Wet op lijkbezorging gerepareerd
© Anja KrabbenJaren van voorbereiding op de nieuwe Wet op de lijkbezorging garandeert nog geen perfectie. De wet is nog geen jaar van kracht, en nu al moet een Reparatiewet ‘wetstechnische gebreken en leemten herstellen alsmede andere wijzigingen van ondergeschikte aard in diverse wetsbepalingen aanbrengen’.
De Reparatiewet BZK 2010 (Kamerstuk32 456, onder andere te downloaden van uitvaart.nl), die nu bij de Tweede Kamer ligt, corrigeert enkele fouten in de Wet op de lijkbezorging. Het gaat om zes wijzigingen, vijf van de zes zijn louter technisch: herstel van vergissingen die voor zichzelf spreken.
De belangrijkste wijziging is er een die van belang is voor begraafplaatsen.
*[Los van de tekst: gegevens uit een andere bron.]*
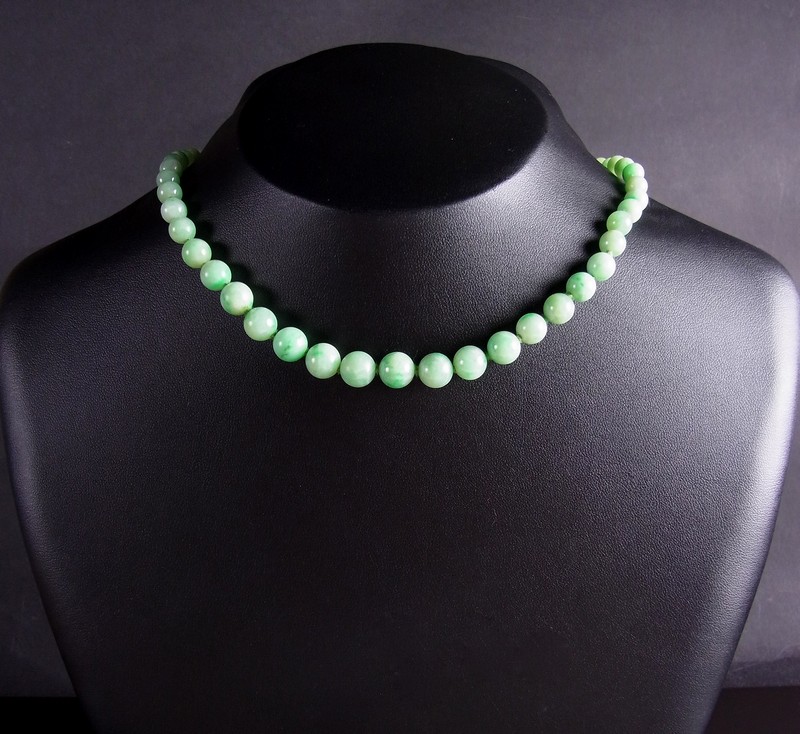 Graduated jade necklace. Set with fifty seven graduated green jade beads individually knotted to a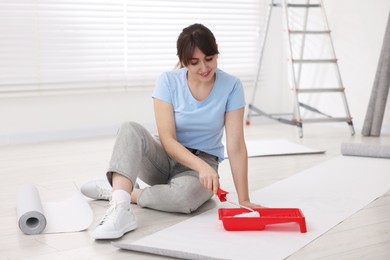 Woman applying glue onto wallpaper sheet in room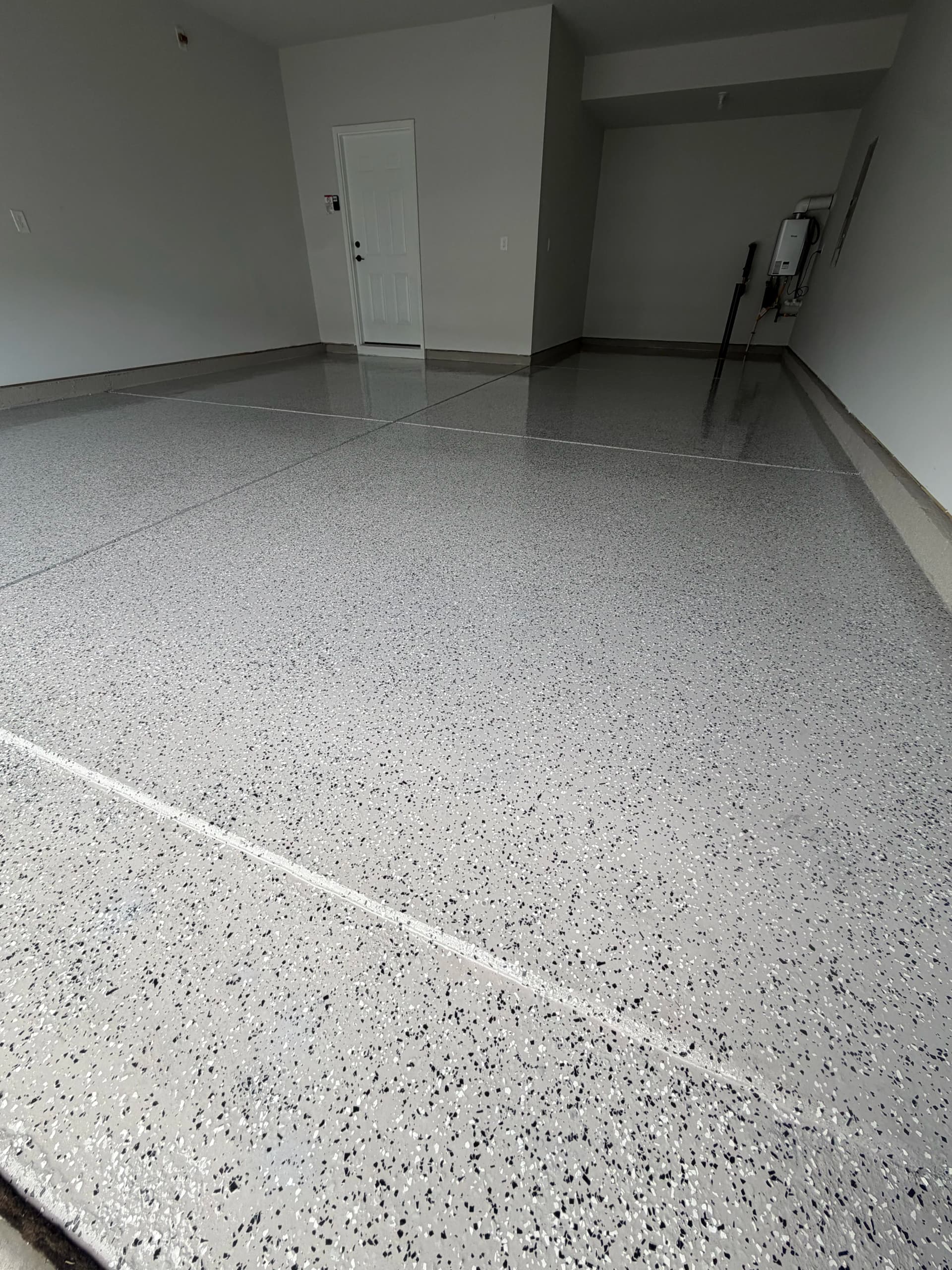 Gallery photos for Garage Floor Gets a Clean Upgrade With Epoxy Flake Finish: Image #1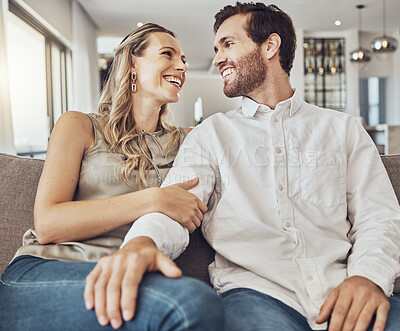 Buy stock photo Funny, care and couple on the sofa to relax with love, smile and gratitude in living room. Happiness, laughing and happy man and woman comfortable on the couch for peace, conversation and affection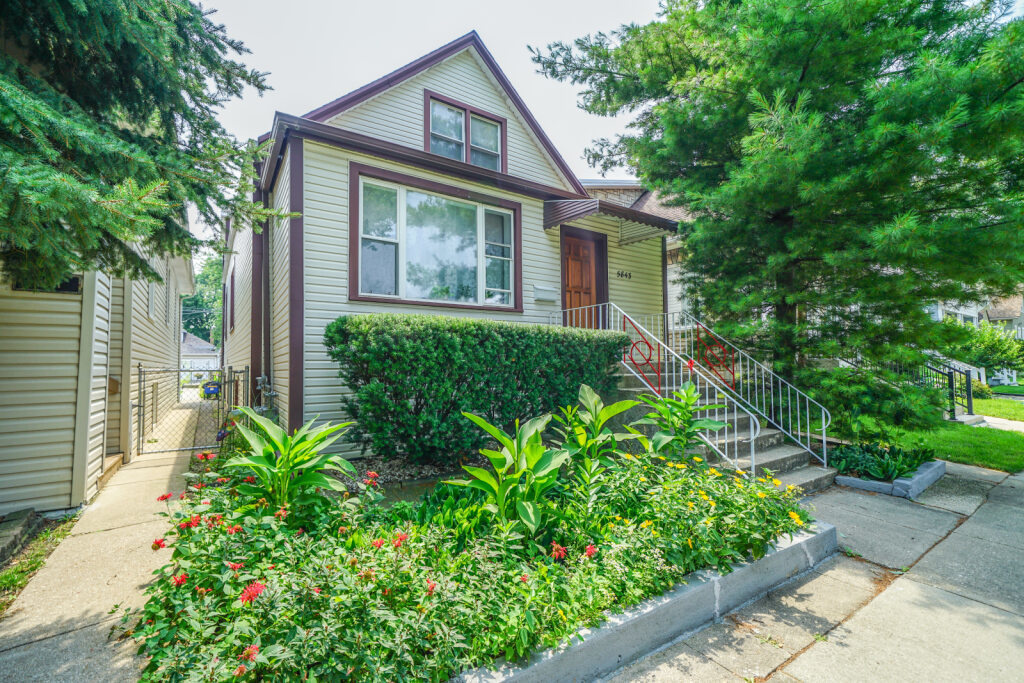 Welcome to this extremely well-maintained 1.5-story bungalow offering 3 full levels of finished living space and 2 in-law arrangements, perfect for extended family or flexible living options. This spacious home features a total of 5 bedrooms and 3 full bathrooms across all levels.  The main floor includes a separate living and dining room, hardwood floors throughout, a large kitchen with maple cabinets, an office, and an enclosed back porch that opens to a spacious wood deck overlooking a beautifully landscaped backyard. The 2nd level offers a private living area with its own kitchen, full bathroom, and 1 bedroom-ideal for guests or extended family. Full finished basement features a separate entrance, 3rd kitchen, family room, 2 additional bedrooms, and a full bathroom. There is also a laundry area, HVAC/mechanical room, and plenty of storage. Additional highlights include central air and heat and a 2.5-car garage. Located on a quiet side street, this is a great opportunity for multigenerational living or investment great property but sold As-Is Condition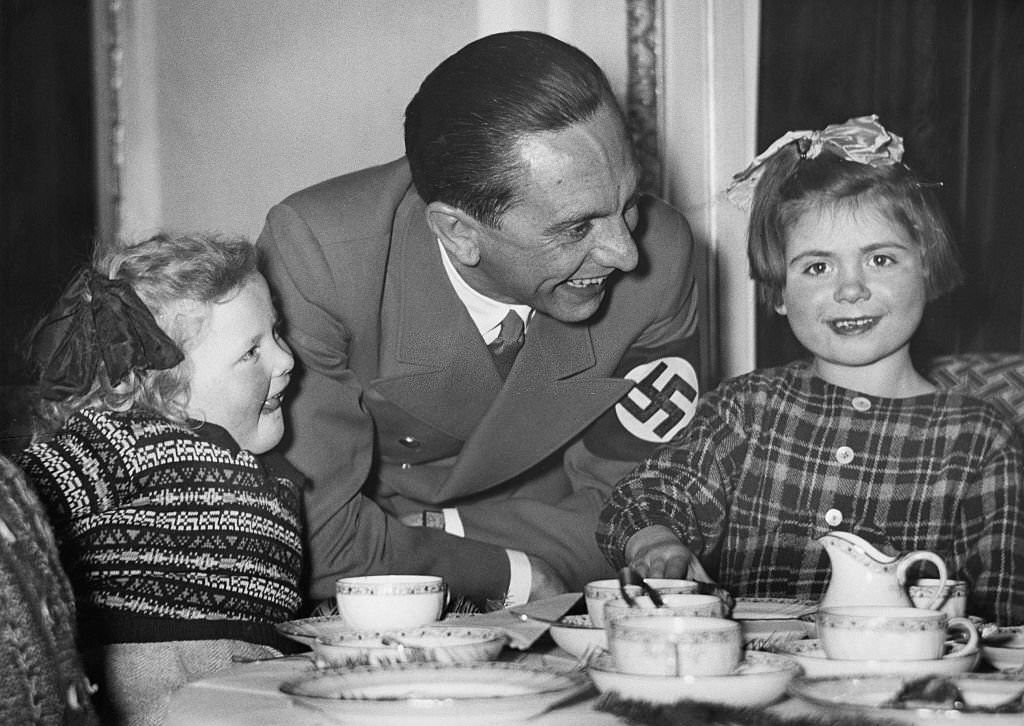 Joseph Goebbels with two little girls at a Christmas party Coffee table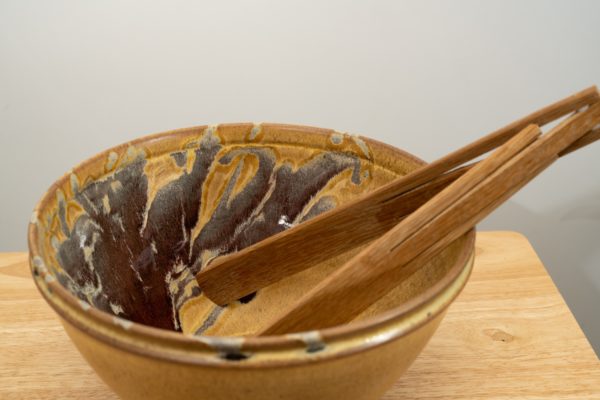 the photograph shows a clay coyote deep salad bowl glazed in tequila sunrise. It is resting on a small light colored wooden table. the deep salad bowl has a pair of baer woodworks wooden tongs resting on the right side of the bowl. the background is a white wall. the photograph is lit with white light.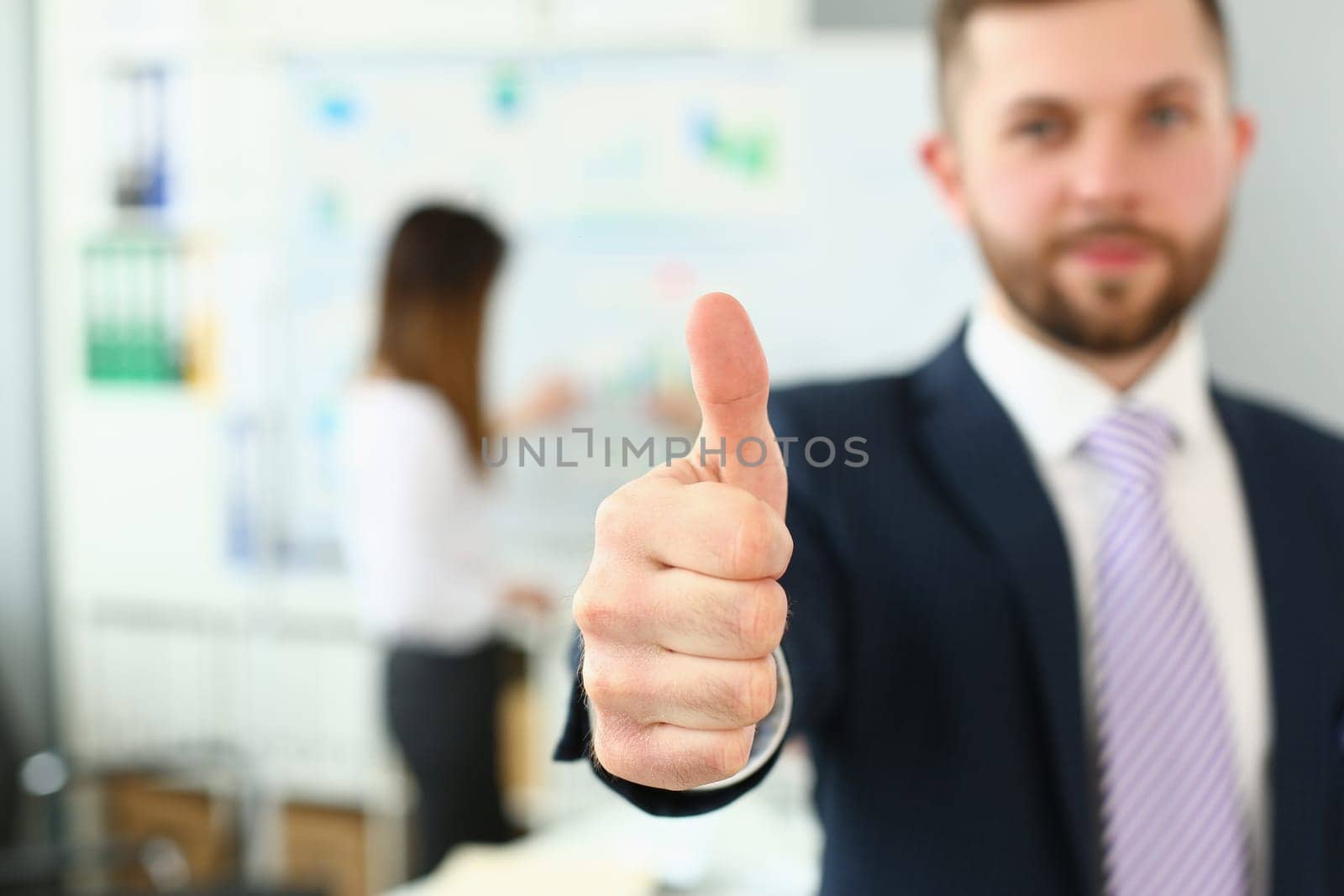 Businessman showing thumb up sign of success over blurred team of business people. Business consultant recommendation and successful career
Het gaat om de regeling die betrekking heeft op het eigendom van de grafbedekking (artikel 32a). In 2002 deed de Hoge Raad een uitspraak waardoor alle grafmonumenten in Nederland door natrekking op grond van het Burgerlijk
Wetboek eigendom werden van de houder van de begraafplaats. Dat wilde de wetgever met de nieuwe Wet op de lijkbezorging die per 1 januari 2010 van kracht is gegaan, ongedaan maken. De wetgever kwam er echter snel achter dat de nieuwe regeling alleen gold voor sinds die datum geplaatste grafstenen, terwijl het de bedoeling was dat de regeling ook zou gelden voor bestaande graven en grafstenen. Dat is met de reparatiewet weer in orde gemaakt.
Toekomst
Stichting Altvoorde, een stichting die zich inzet voor het behoud van graven van Nederlandse cultuurdragers, heeft zich vanaf het moment dat de Hoge Raad haar uitspraak deed druk gemaakt om het van kracht verklaren van de natrekkingsregel op grafmonumenten. In het Terebinth magazine van september jongstleden geeft voorzitter Bouke Jagt blijk van grote opluchting: ‘Alle rechthebbenden van
particuliere graven vóór 1 januari 2010 verloren hun eigendom. […] Werknemers in Franeker, Philips in Eindhoven, adellijke families in Gelderland, ja de koningin ondertekende in zalige onwetendheid de
onteigening van haar eigen Koninklijke grafkelder in Delft. […] Miljoenen krijgen hun familiegraven terug zonder ooit geweten te hebben dat zij dat bezit verloren hadden. De Nederlandse funeraire cultuur heeft weer een toekomst.’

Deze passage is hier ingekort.